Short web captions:
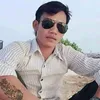 user9246190450712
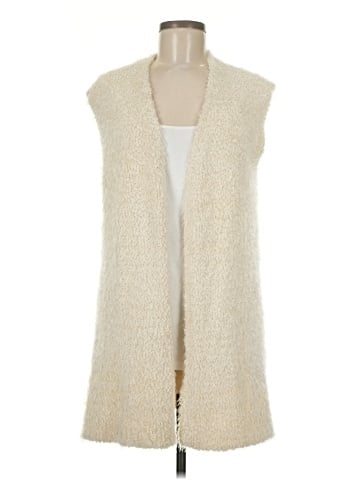 Wendy Williams Cardigan (view 1)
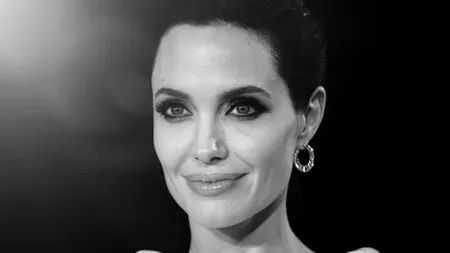 Testul prin care Angelina Jolie a aflat că prezintă un risc de 87% de apariție a cancerului mamar se face și în România. „Formele incipiente sunt incurabile în proporție de 98%
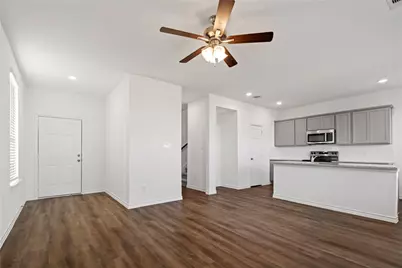 814 Stoney Point Lane, Dayton, TX 77535 - Photo 9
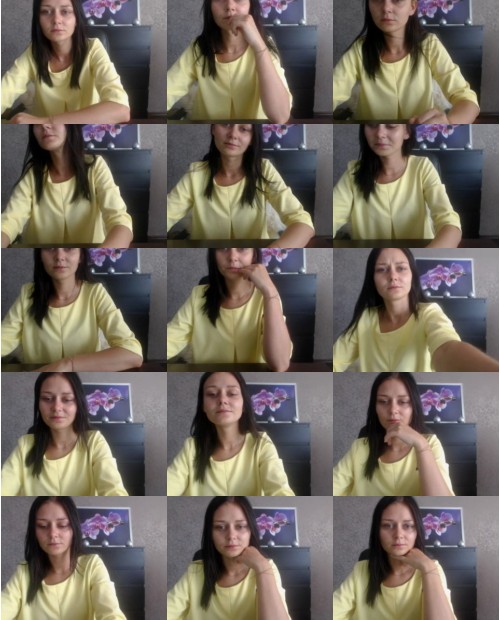 Download Video File: myfreecams romanian 4 u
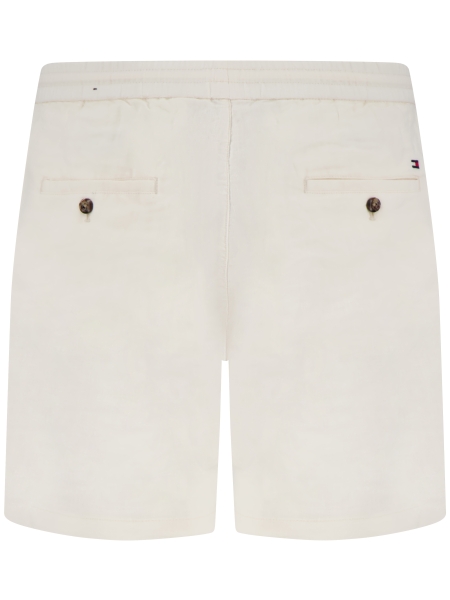 Tommy Hilfiger  MW0MW44353 Z00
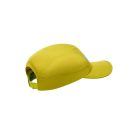 Hoka Run Hat futósapka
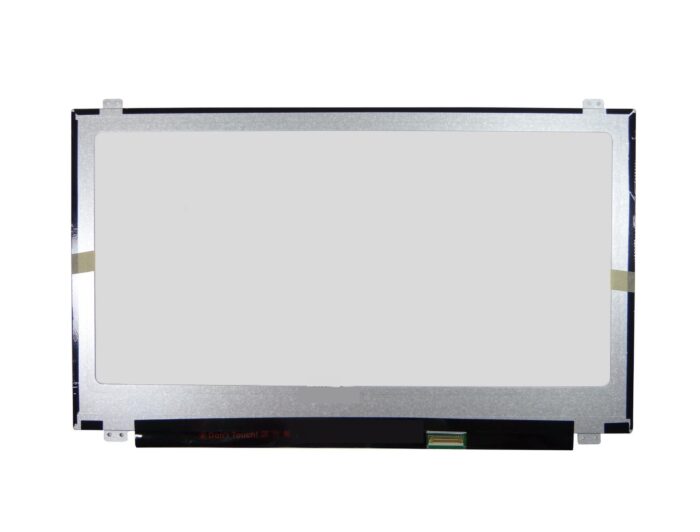 15.6" LED HD AG LCD DISPLAY SCREEN PANEL FOR ACER ASPIRE 3 A315-51-53GM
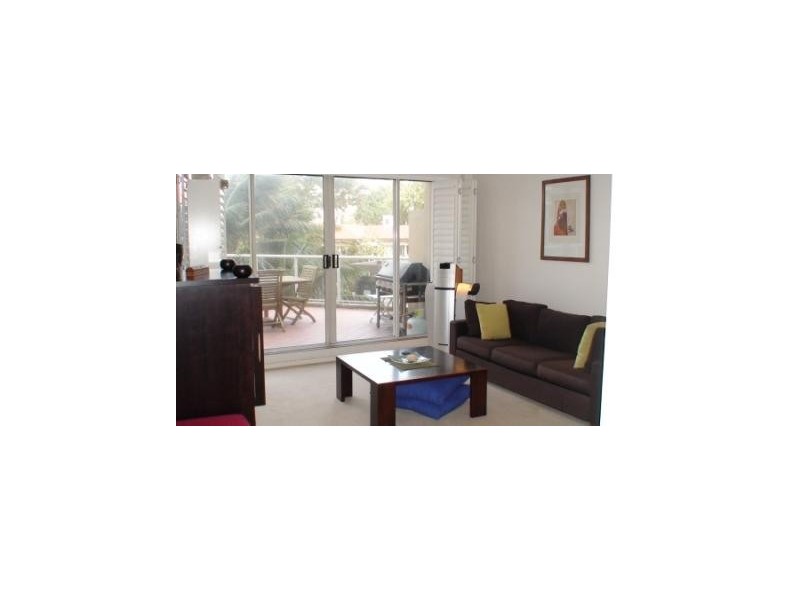 1 kings cross road, Kings Cross NSW 2011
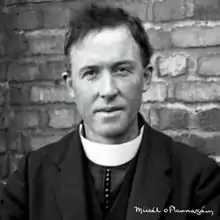 Fr._Michael_O'Flanagan.jpg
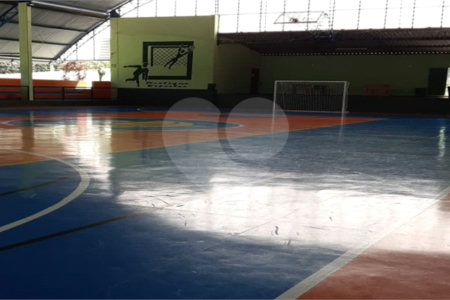 Terreno à venda no condomínio Ibiti do Paço, Sorocaba - SP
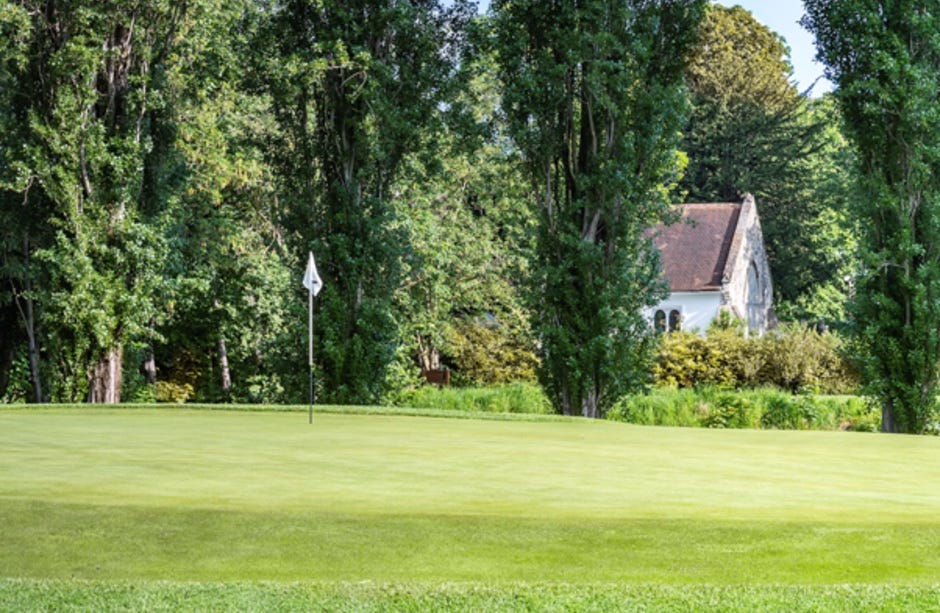 17th green.jpg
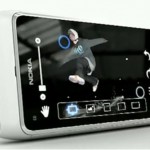 [Video] FX Studio Spezialeffekte auf dem Nokia N8 in Aktion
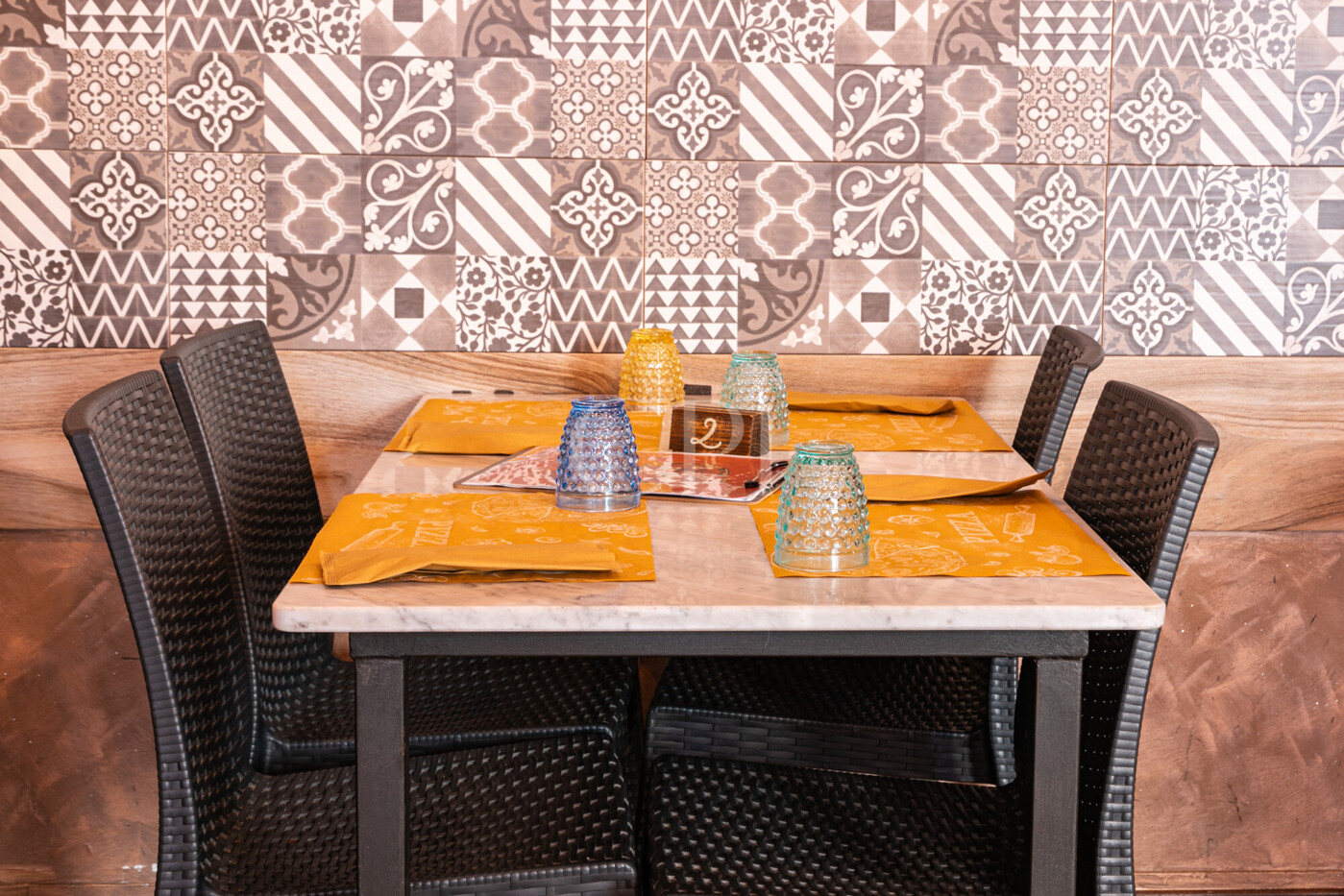 Checco Pizza - Sala_6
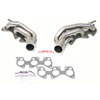 Shorty Headers 2012-2016 Toyota Tacoma 4.0L - image 1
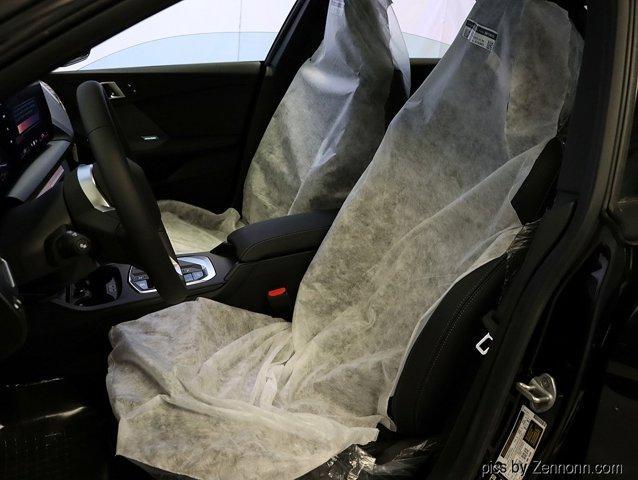 used 2026 BMW 228 Gran Coupe car, priced at $44,975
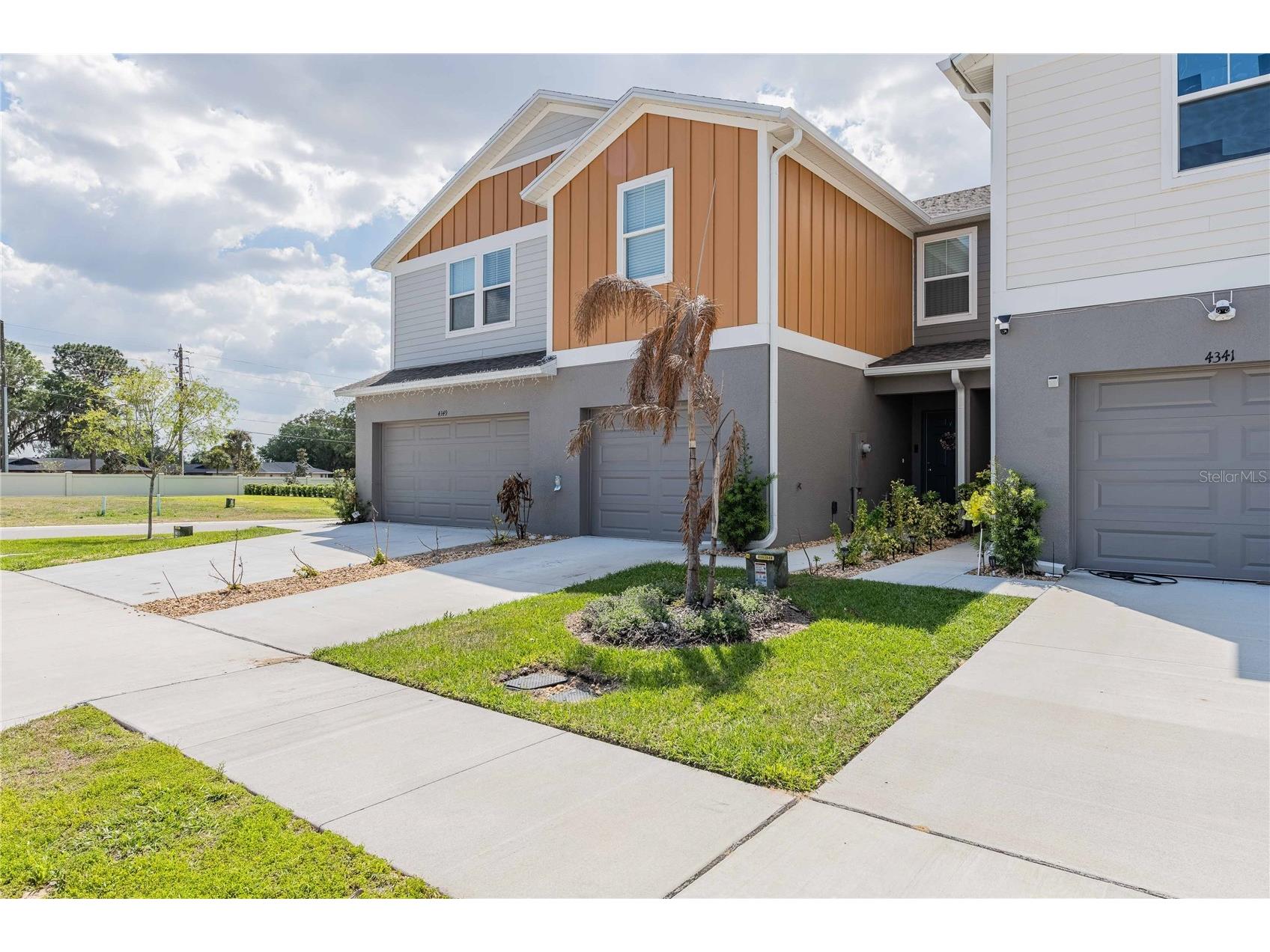 4345 Hillock Boulevard Haines City FL 33844 TB8492615 image1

#### Instructions to follow:
What should be set down is every line from the opening of the records through the line that contains "Download Video File: myfreecams romanian 4 u", exactly, with pictures left out.

#### Answer for this exercise:
 user9246190450712
 Wendy Williams Cardigan (view 1)
 Testul prin care Angelina Jolie a aflat că prezintă un risc de 87% de apariție a cancerului mamar se face și în România. „Formele incipiente sunt incurabile în proporție de 98%
 814 Stoney Point Lane, Dayton, TX 77535 - Photo 9
 Download Video File: myfreecams romanian 4 u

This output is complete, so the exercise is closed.